Two Tasks to Complete this Post:
Task One— Listen/Gather your Notes & Post in Support of Heads or Tails
Type in radio.garden in a browser and get travelling and listening.  Settle on at least three different radio stations in three very distinct parts of our planet (in distinct continents) and listen to each while you gather your ideas and evidence to complete our first Informed Critical Discussion tasks.
There are many very different, even wildly opposing ways of approaching the data available through online global radio access.  Flip a coin and argue for one of the following positions:
Heads—the world is vast, rich and diverse.  Global access to popular music in my case studies of x,y,z demonstrate that popular music is being produced and consumed in ways that enable connections and exchanges of ideas and beliefs amid profound differences.
Tails—the world is clearly becoming increasingly homogenous.  Certain styles and formulas of popular music revealed in my case studies x,y,z show us that clear historical forces severely limit the ways in which popular music is produced and travels.    
Be sure to note some basic information about your 3 locations and some details about each. You do not have to know the language, and can and should consider yourself in the position of an investigator trying to make sense of samples (perhaps 30 minutes each) from your locations.

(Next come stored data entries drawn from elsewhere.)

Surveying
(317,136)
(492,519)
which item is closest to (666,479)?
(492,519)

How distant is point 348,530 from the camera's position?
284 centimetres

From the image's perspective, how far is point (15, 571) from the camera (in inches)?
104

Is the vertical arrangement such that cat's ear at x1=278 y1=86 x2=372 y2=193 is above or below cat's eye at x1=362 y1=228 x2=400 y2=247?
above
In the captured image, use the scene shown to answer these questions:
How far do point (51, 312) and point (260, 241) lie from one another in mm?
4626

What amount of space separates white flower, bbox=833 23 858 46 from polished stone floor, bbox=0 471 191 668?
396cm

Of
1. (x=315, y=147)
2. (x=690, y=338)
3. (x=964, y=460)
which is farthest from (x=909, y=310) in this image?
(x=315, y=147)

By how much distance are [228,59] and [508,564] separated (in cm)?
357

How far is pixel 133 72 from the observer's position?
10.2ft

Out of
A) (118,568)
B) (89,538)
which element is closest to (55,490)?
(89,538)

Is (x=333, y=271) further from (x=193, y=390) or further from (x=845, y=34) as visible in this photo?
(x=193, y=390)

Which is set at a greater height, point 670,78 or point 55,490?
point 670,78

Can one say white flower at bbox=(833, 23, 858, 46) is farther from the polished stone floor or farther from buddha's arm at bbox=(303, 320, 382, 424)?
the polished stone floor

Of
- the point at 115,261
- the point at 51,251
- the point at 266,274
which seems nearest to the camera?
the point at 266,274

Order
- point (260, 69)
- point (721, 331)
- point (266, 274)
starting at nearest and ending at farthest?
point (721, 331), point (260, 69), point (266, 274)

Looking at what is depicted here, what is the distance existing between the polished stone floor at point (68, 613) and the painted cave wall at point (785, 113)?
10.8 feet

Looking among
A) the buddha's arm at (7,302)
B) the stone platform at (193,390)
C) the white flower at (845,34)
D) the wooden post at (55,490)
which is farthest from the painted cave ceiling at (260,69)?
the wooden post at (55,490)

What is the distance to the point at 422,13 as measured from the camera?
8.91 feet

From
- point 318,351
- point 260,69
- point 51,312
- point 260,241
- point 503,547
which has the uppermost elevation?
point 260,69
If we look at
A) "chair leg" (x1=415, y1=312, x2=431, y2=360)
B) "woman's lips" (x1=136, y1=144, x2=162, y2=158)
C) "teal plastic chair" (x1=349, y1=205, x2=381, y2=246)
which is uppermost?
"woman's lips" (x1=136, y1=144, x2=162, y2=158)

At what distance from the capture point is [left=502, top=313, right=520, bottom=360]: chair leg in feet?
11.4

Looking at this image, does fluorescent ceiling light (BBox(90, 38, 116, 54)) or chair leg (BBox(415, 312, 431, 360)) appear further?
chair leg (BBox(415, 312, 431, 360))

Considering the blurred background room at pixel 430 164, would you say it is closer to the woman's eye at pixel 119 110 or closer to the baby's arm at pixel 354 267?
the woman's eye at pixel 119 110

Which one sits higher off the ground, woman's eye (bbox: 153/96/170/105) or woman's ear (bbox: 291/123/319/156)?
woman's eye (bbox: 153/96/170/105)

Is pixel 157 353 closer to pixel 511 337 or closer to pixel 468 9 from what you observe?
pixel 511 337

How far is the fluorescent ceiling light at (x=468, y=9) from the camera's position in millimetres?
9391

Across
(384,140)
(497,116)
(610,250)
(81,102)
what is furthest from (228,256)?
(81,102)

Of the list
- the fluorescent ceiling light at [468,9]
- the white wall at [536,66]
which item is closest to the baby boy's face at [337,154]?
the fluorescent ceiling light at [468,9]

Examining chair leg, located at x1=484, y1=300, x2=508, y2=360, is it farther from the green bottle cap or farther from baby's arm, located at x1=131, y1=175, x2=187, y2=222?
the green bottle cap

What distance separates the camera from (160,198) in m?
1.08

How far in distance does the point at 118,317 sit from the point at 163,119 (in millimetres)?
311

Task Two—Then, after you have posted you will have access to be able to read other’s posts. Choose at least one post to oppose, providing your strongest and best arguments possible, based upon direct usage of your sources.  Your careful, constructive and informed response to another’s post should be at least 150 words not including any quotes.  Again, be sure to cite relevant specific details from your three cases. 
DUE before Sept. 5 @ 11:59PM
Important— do not use any textual sources beyond our required text for your discussion assignments.  There is well more than enough here for us to be responsible for, so focus only on these texts within your discussion.
 
1. In this discussion of 250 plus well-informed and well-written words (not including any quotations), you must represent how you have considered at least three concepts from Corbett’s article “Free, Single, and Disengaged…” that you expect will be useful for our present study of popular music.  You should offer us at least three distinct summaries of passages drawn from different parts of the reading, providing your own detailed interpretations/explanations, along with at least two specific examples/illustrations from popular musical/cultural contexts you find relevant. 
 
2. After you have posted, you will be able to view other’s posts, and will find at least one other student to assert an important and/or interesting point of agreement (100 plus words not included quotes/summaries) and at least one other student to assert an important and/or interesting point of disagreement (100 plus words not included quotes/summaries).  Your points of agreement and disagreement must be clearly supported with well-chosen evidence/support directly drawn from our reading and/or your popular musical examples/evidence.
 
I suggest that while you read and think about the article, likely looking up the unfamiliar language, concepts and theories, you consider one of the major debates that that it builds upon:
 
The top-down orientation (associated with T. Adorno and the Frankfurt School in sociology/ethnomusicology/cultural studies) emphasizes how modern popular culture (ex. music, film, fashion etc) is organized to exploit and control the masses.   Business and governmental interests collude in their use of popular culture to maintain patterns of social control – ex. working class kids absorb dreams of wealth and recognition in music and sports only to wind up creating another generation of working class kids with the same dreams but in a different style with a different soundtrack or updated uniform.   It matters historically that these thinkers from Frankfurt were responding to the rise of the Nazis and other very much popular, even democratically supported fascist movements.  
 
The bottom-up orientation (first associated with the Birmingham School in England) particularly looks at forms of empowerment that groups create for themselves through using popular culture.  So, movements like reggae in England are seen as giving agency to black British communities, and punk is seen as a sub-culture that created spaces for alienated youth, including members of the working class.  Here it matters historically that these thinkers were trying to understand the social changes of England after the decline of their Empire.
 
So, in one view popular music is a tool working from those in power, in the other view popular music is a tool of resistance for the vulnerable.  Corbett takes the remarkable view of it somehow being both.  This is an exciting possibility, but, he does not fully and clearly explain how it could be both in ways that resolve all of the problems for us and our study.  Rather, reading him helps introduce us to a predicament- if it is top-down or bottom-up then why should we agree?  And if it is both, then how much is it one or the other and why should we think so?  We soon see that simply agreeing that it is both is not enough, and then our work becomes more detailed and we must turn to examining the details of specific historical contexts so that we can continue to face the question with systematic evidence and ideas.